The Slatest

Massive Amount of Oil Discovered Next to London Airport

A cameraman films an exploratory well in the Horse Hill field near Gatwick Airport.

Ben Stansall/AFP/Getty

A British company says it’s found up to 100 billion barrels of oil at a field less than 2 miles from metro London’s Gatwick Airport, in the largest onshore oil discovery in the U.K. in 30 years. The company, U.K. Oil & Gas Investments, believes that between 5 percent and 15 percent of the oil from the Horse Hill field can be extracted and that by 2030 nearly a third of the country’s oil demand could be met just by the production of the area in question. By comparison, the entire boom-driving North American Bakken formation holds an estimated 150 billion to 900 billion barrels, while current projections estimate that 32 billion barrels can ultimately be extracted from it.

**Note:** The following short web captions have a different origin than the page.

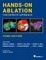 Hands-On Ablation, The Experts' Approach, Third Edition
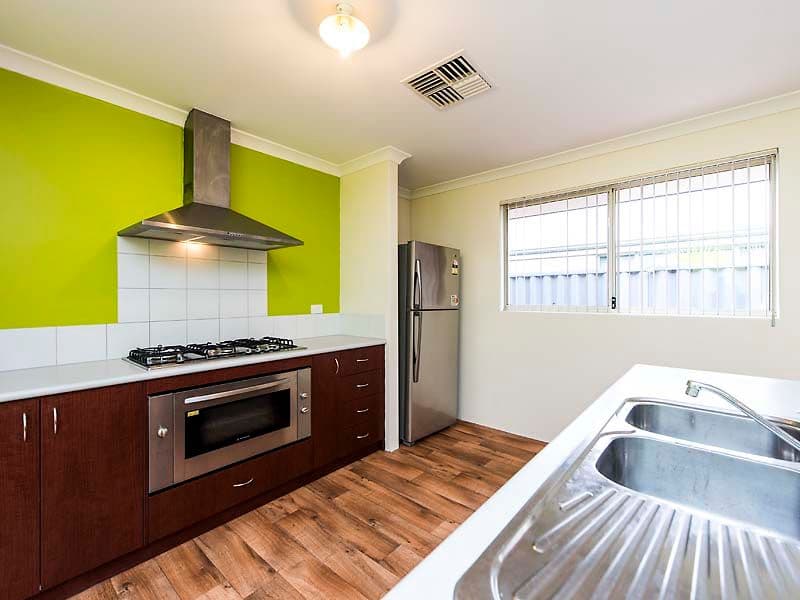 35 Chestnut Way, Baldivis WA 6171, Baldivis - Image 1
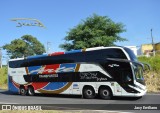Arte Transportes e Turismo 21000 na cidade de Campinas, São Paulo, Brasil, por Jacy Emiliano. Número da foto: #:id.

Environmental activists have questioned the wisdom of taking a bajillion barrels of oil out of the ground at a time when many countries are already trying to reduce the use of climate-altering fossil fuels. From the Guardian:

Dr Doug Parr, Greenpeace UK’s chief scientist, said: “Dotting the English countryside with drilling rigs and pipelines to squeeze the last drop of oil out of Britain doesn’t make any sense. To gleefully rub your hands at a new fossil fuel discovery you need to turn the clock back to the 19th century and ignore everything we have learned about climate change since.”

The U.K. government, however, has encouraged energy exploration in the area of the Horse Hill field, and fracking—which may or may not be required to extract oil from Horse Hill, the Guardian says—is still legal in England (but not in Scotland and Wales).